* Problem *
The following data needs to be repeated exactly, with all images excluded.

* Data shown *
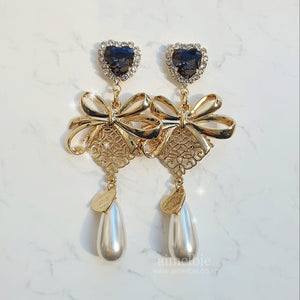 Ribbon Party Earrings - Black Diamond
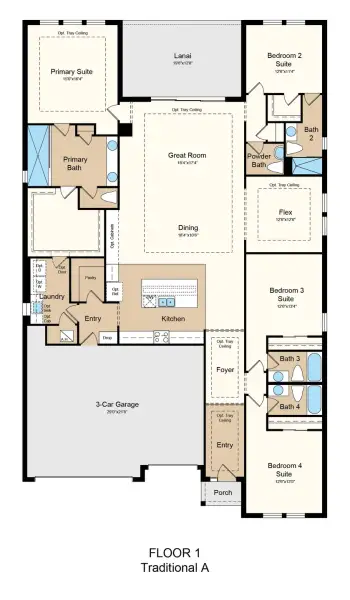 2D floor plan layout of this home in Ardisia Park, New Smyrna Beach, FL (Image 4).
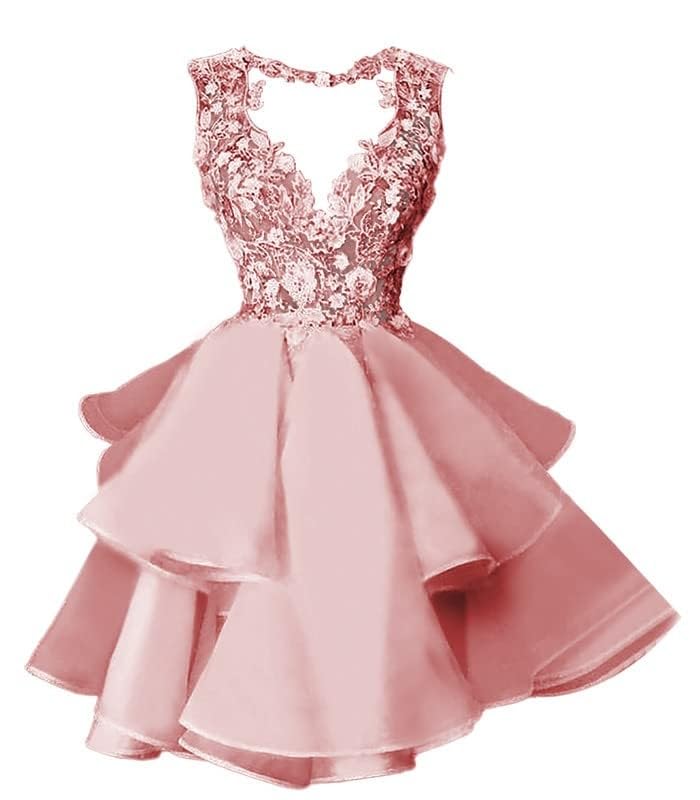 Lace Appliques Homecoming Dresses for Teens Tulle V Neck Short Prom Dress A Line Cocktail Dress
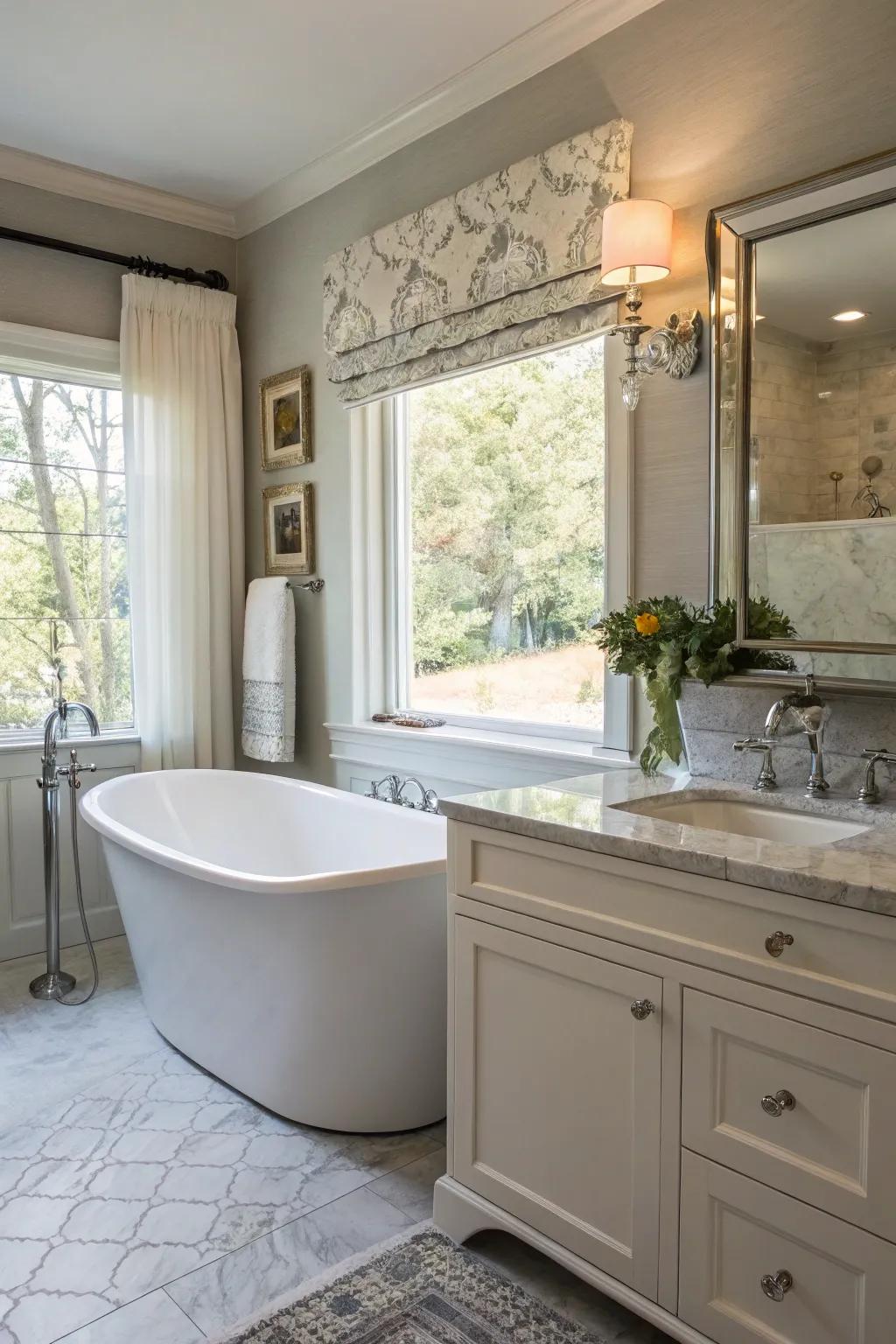 A small bathroom with a freestanding tub as a focal point.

* Written response *
 Ribbon Party Earrings - Black Diamond
 2D floor plan layout of this home in Ardisia Park, New Smyrna Beach, FL (Image 4).
 Lace Appliques Homecoming Dresses for Teens Tulle V Neck Short Prom Dress A Line Cocktail Dress
 A small bathroom with a freestanding tub as a focal point.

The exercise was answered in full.